NEW YORK (Reuters) - Investors are increasingly worried that troubles in the euro zone and China will hurt global economic growth this year, curbing gains in equity and commodity markets, a Barclays Capital survey showed on Monday.
Slower-than-expected growth in the United States and Europe is the largest threat to global equities in the next three months, while a slowdown in China is the biggest challenge to emerging markets, according to the survey, conducted in June among 862 institutional investors.
The European debt crisis is the second-biggest concern for emerging markets, even as nearly 75 percent of the respondents believe Greece will restructure its debt in the next 12 months.
Uncertainty has increased remarkably, with responses to many of the questions evenly distributed among all the alternatives, Barclays’ head of emerging markets research Piero Ghezzi and currency strategist Paul Robinson wrote in a report.
“It is easy to understand the lack of confidence in growth or very widespread views, given the many risks facing the global economy at present,” they said.
“This uncertainty is reflected in the amount of risk being taken this quarter: 40 percent of clients are running a light or very light amount of risk relative to capacity, up from 31 percent last quarter.”
Only 31 percent of the respondents expect equities to return more than 5 percent in 2011, compared with more than 80 percent in the previous quarter’s survey.

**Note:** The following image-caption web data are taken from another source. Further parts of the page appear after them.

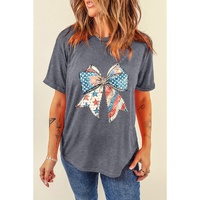 Gray US Flag Bow Print Round Neck Loose T Shirt - L thumbnail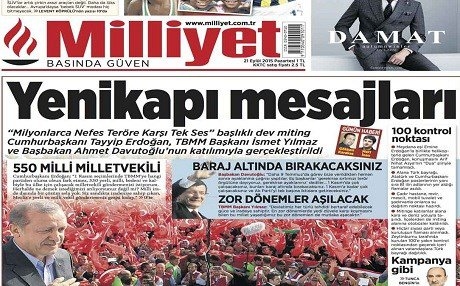 Rojnameyên Tirkiyê – Davudoglu: Divê hûn nehêlin ew vê carê ji bendê derbas bibin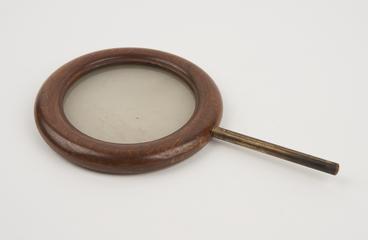 Ground glass screen, in wooden ring on brass rod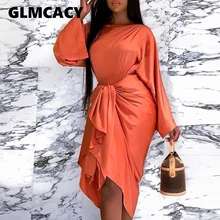Женское платье миди с рукавами летучая мышь, с завязками спереди, повседневное, Осеннее, для вечеринки, для клуба, Vestidos, элегантное, OL, для работы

On the other hand, more than 20 percent of the investors forecast equities will fall 5 percent or more this year, versus only 7 percent in the previous quarter.
Overall, 20 percent of the respondents said equities will be the best-performing asset class this year.
Commodities, viewed as the most attractive investment in the previous quarter by 41 percent of the respondents, emerged as the least attractive asset class, with only 15 percent of the votes.
Bonds, which tend to outperform when growth fears increase, were considered the favorite asset class by a little more than 30 percent of the respondents, compared with 20 percent in the previous poll.
Changes in the Federal Reserve’s monetary policy were not seen as a short-term concern by most investors.
Among credit investors, more than 70 percent of answers suggested that the end of the Fed’s quantitative easing program would have limited impact on credit markets.
Nearly 80 percent of equity investors see no change in the trend until the Fed actually tightens monetary policy, either by raising interest rates or shrinking its balance sheet.
Fiscal issues appeared to be even less of a concern, with fewer than 4 percent of fixed-income investors expecting the Treasury to miss a bond coupon payment.